[arrow-avro] Add AsyncWriter

**Is your feature request related to a problem or challenge? Please describe what you are trying to do.**

`arrow-avro` currently provides synchronous writing APIs (`Writer<W: std::io::Write>` and the aliases `AvroWriter` for OCF and `AvroStreamWriter` for SOE). In async-first applications (Tokio-based services, DataFusion execution, writing to `object_store`, HTTP streaming responses, etc.), these sync APIs force one of the following suboptimal approaches:
* Use blocking I/O (`std::fs::File`) inside an async runtime (risking thread starvation / reduced throughput).
* Use `spawn_blocking` to isolate blocking writes (adds complexity and makes backpressure/error handling harder).
* Buffer the entire output into memory (e.g., write to `Vec<u8>`) before uploading to object storage (bad for large outputs).
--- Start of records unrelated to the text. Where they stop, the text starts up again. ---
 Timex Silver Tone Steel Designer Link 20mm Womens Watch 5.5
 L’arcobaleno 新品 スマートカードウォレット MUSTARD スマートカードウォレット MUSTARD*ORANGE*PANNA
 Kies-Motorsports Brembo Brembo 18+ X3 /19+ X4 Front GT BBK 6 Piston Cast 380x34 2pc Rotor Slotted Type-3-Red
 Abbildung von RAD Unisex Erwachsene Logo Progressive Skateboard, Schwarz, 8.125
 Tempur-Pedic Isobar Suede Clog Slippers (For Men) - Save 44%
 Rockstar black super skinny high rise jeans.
In parallel, PR #8930 is adding an `arrow-avro` **AsyncReader** for Avro OCF (with `object_store` integration). To enable end-to-end async pipelines, `arrow-avro` should also have a corresponding **AsyncWriter**.

Concrete use cases:

* Write Avro OCF results directly to `tokio::fs::File` without blocking.
* Stream an Avro OCF response body over the network (chunked transfer, back-pressure aware).
* Write Avro OCF to S3/GCS/Azure via `object_store` multipart upload (symmetry with the new AsyncReader).
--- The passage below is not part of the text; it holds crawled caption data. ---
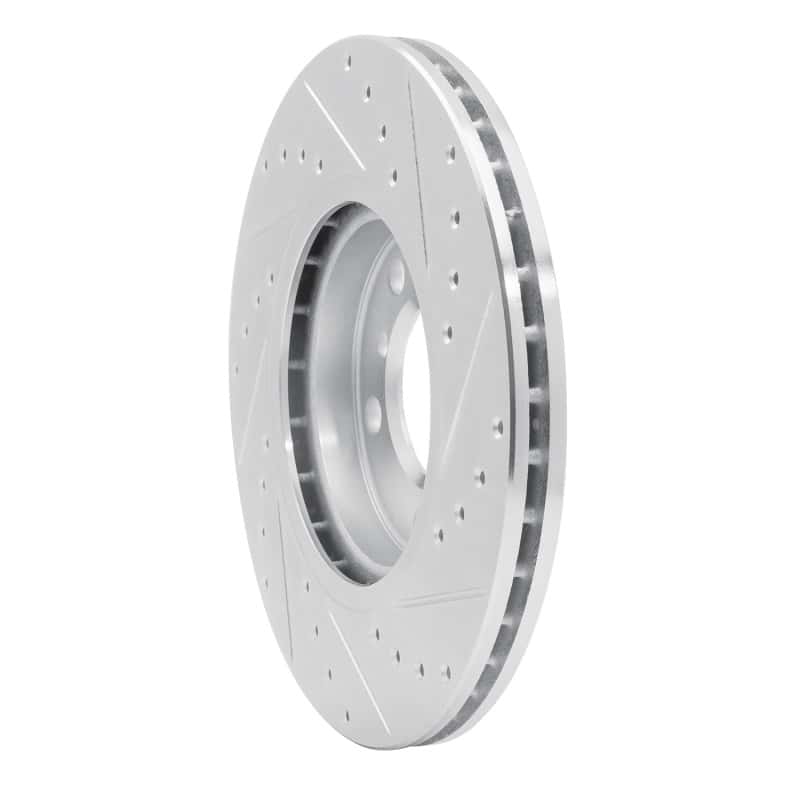 R1 Concepts — R1 11-16 Mini Cooper Countryman Front Left Drilled & Slotted Silver Brake Rotor
R1 Brake Rotor Drill - view 4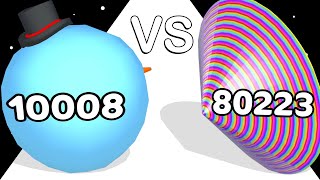 Big Head Run VS Circle Up: ASMR Gameplay ❌ Max Level!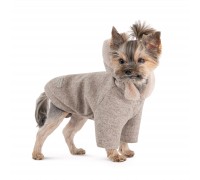 Толстовка для собак Flex Pet Fashion, ХS серый меланж..
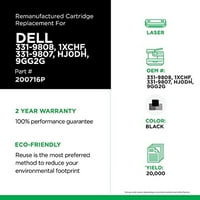 Yonca Görüntüleme Dell B3460 için Yeniden Üretilmiş Ekstra Yüksek Verimli Toner Kartuşu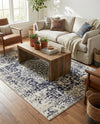 Georgetown Rugs Collection Area Rug - Dupont (Blue) Rectangle Blue  lifestyle 11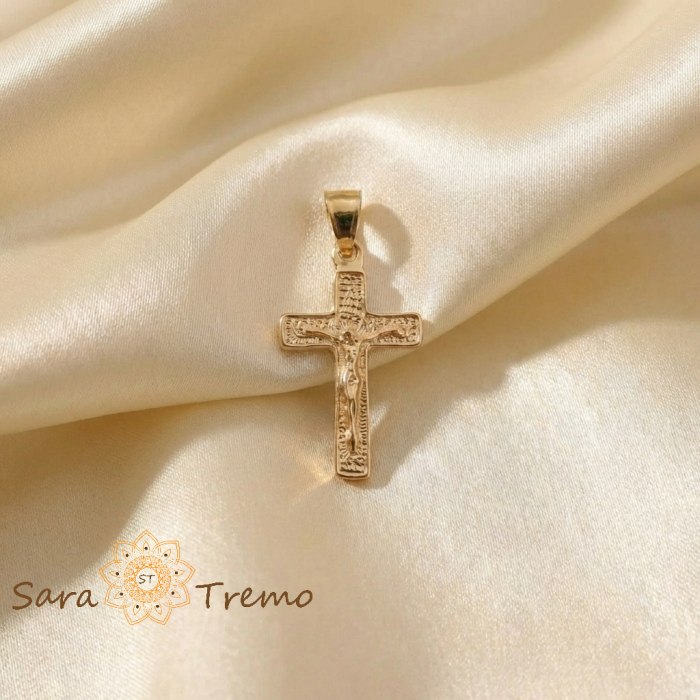 Cruce deosebita placata cu aur Athos - 2.5 cm [3]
**Describe the solution you'd like**

Add a new `arrow-avro` async writer API that mirrors the patterns used by Parquet’s async writer (`parquet/src/arrow/async_writer`) and interoperates with the `arrow-avro` AsyncReader being introduced.

Proposed high-level design:

1. **New module and feature gating**

* Add `arrow-avro/src/writer/async_writer.rs` (or `writer/async_writer/mod.rs`) behind `cfg(feature = "async")`
* Align feature flags with the AsyncReader PR (`async`, and optionally `object_store`)

2. **Async sink abstraction (match Parquet’s pattern)**

* Introduce an `AsyncFileWriter` trait analogous to Parquet’s:
  * Accepts `bytes::Bytes` payloads
  * Returns `futures::future::BoxFuture<'_, Result<(), ArrowError>>`
  * Has `write(Bytes)` and `complete()` methods
* Provide:

  * `impl AsyncFileWriter for Box<dyn AsyncFileWriter + '_>`
  * A blanket impl for Tokio sinks (like Parquet): `impl<T: tokio::io::AsyncWrite + Unpin + Send> AsyncFileWriter for T`

3. **AsyncWriter types and API parity**

* Implement a generic `AsyncWriter<W, F>` where `W: AsyncFileWriter` and `F: AvroFormat`
* Provide aliases consistent with the existing sync types:
  * `type AsyncAvroWriter<W> = AsyncWriter<W, AvroOcfFormat>`
  * `type AsyncAvroStreamWriter<W> = AsyncWriter<W, AvroSoeFormat>`
* Public API should be intentionally close to the existing sync `Writer`:
  * `WriterBuilder::build_async::<W, F>(writer)` (preferred: reuses existing builder options)
  * `async fn write(&mut self, batch: &RecordBatch) -> Result<(), ArrowError>`
  * `async fn write_batches(&mut self, batches: &[&RecordBatch]) -> Result<(), ArrowError>`
  * `async fn finish(&mut self) -> Result<(), ArrowError>` (flush + `complete`)
  * (Optional ergonomics) `async fn close(self) -> Result<W, ArrowError>` to consume and return the underlying writer

4. **Implementation approach (buffer + flush, like Parquet)**

   To avoid rewriting the encoder as “async”, reuse the existing synchronous encoding logic by staging into an in-memory buffer and then pushing the bytes into the async sink:
* On construction:
  * Encode the OCF header via existing `AvroFormat::start_stream`, but write it into a `Vec<u8>` buffer
  * Flush that buffer to `AsyncFileWriter::write(Bytes)`
* On `write`:
  * For **OCF**:
    * Encode the batch into a `Vec<u8>` using the existing `RecordEncoder`
    * Apply block-level compression exactly as the sync writer does
    * Append block framing (`count`, `block_size`, `block_bytes`, `sync_marker`) into a staging buffer
    * Flush staging buffer to the async sink
  * For **SOE stream**:
    * Encode into a staging buffer and flush (preserving the existing prefix behavior)
* Reuse `WriterBuilder` settings (`with_compression`, `with_capacity`, `with_row_capacity`, `with_fingerprint_strategy`) to size buffers and control prefixes/compression.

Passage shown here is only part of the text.